## Code to mount and enumerate files (images) on blob storage

we want to mount not download

https://docs.microsoft.com/en-us/azure/machine-learning/how-to-train-with-datasets#mount-vs-download

In this example I'm going to use my training images that I use for another exercise.  I have folders of images of camping equipment.

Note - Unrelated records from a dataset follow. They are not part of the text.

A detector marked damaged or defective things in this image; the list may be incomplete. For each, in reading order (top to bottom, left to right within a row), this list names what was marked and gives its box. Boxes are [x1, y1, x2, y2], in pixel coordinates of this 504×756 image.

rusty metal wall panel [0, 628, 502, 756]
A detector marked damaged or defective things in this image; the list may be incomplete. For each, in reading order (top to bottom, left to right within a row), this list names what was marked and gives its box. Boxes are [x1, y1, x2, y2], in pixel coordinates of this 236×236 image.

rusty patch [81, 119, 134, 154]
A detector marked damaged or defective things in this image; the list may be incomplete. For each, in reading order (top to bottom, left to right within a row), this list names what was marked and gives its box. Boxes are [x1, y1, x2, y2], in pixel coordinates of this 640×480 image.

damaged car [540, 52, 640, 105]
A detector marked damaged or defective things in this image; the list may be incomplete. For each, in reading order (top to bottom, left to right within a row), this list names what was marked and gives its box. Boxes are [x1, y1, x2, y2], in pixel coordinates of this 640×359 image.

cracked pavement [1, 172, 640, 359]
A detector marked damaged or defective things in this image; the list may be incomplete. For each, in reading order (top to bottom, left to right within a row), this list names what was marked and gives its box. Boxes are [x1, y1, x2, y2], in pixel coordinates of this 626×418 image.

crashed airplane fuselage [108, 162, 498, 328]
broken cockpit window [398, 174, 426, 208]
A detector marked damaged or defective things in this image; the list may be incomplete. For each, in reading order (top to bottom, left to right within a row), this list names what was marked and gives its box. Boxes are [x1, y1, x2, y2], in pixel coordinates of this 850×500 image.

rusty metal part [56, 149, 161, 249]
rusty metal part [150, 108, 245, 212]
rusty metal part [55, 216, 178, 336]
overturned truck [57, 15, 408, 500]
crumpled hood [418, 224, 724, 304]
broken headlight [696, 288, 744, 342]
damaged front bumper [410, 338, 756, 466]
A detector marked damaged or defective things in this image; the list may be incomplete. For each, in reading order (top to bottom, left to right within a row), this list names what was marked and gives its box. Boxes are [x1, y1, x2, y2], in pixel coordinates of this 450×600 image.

This SAS token has read/list access to my training data that I want to enumerate using AMLS datasets (filesets)

```code
https://davewdemoblobs.blob.core.windows.net/gear-images?sv=2019-12-12&st=2020-03-10T16%3A15%3A00Z&se=2030-03-11T16%3A15%3A00Z&sr=c&sp=rl&sig=hjISASpvLRY%2F77wvJ04IQmz00dObhQXp%2FP3wYT9y8%2BY%3D
?sv=2019-12-12&st=2020-03-10T16%3A15%3A00Z&se=2030-03-11T16%3A15%3A00Z&sr=c&sp=rl&sig=hjISASpvLRY%2F77wvJ04IQmz00dObhQXp%2FP3wYT9y8%2BY%3D

```



In [1]:
from azureml.core import Workspace, Dataset, Datastore
from azureml.data import OutputFileDatasetConfig
from azureml.data.datapath import DataPath

## change these as needed
subscription_id = '52061d21-01dd-4f9e-aca9-60fff4d67ee2'
resource_group = 'MLOpsWorkshop'
workspace_name = 'mlops'

workspace = Workspace(subscription_id, resource_group, workspace_name)

In [3]:
## build a datastore that points to the storage acct using the SAS token
# https://docs.microsoft.com/en-us/python/api/azureml-core/azureml.core.datastore(class)?view=azure-ml-py#register-azure-blob-container-workspace--datastore-name--container-name--account-name--sas-token-none--account-key-none--protocol-none--endpoint-none--overwrite-false--create-if-not-exists-false--skip-validation-false--blob-cache-timeout-none--grant-workspace-access-false--subscription-id-none--resource-group-none-

datastore_name='training_files' # Name of the datastore to workspace
account_name='davewdemoblobs'
sas_token="sv=2019-12-12&st=2020-03-10T16%3A15%3A00Z&se=2030-03-11T16%3A15%3A00Z&sr=c&sp=rl&sig=hjISASpvLRY%2F77wvJ04IQmz00dObhQXp%2FP3wYT9y8%2BY%3D"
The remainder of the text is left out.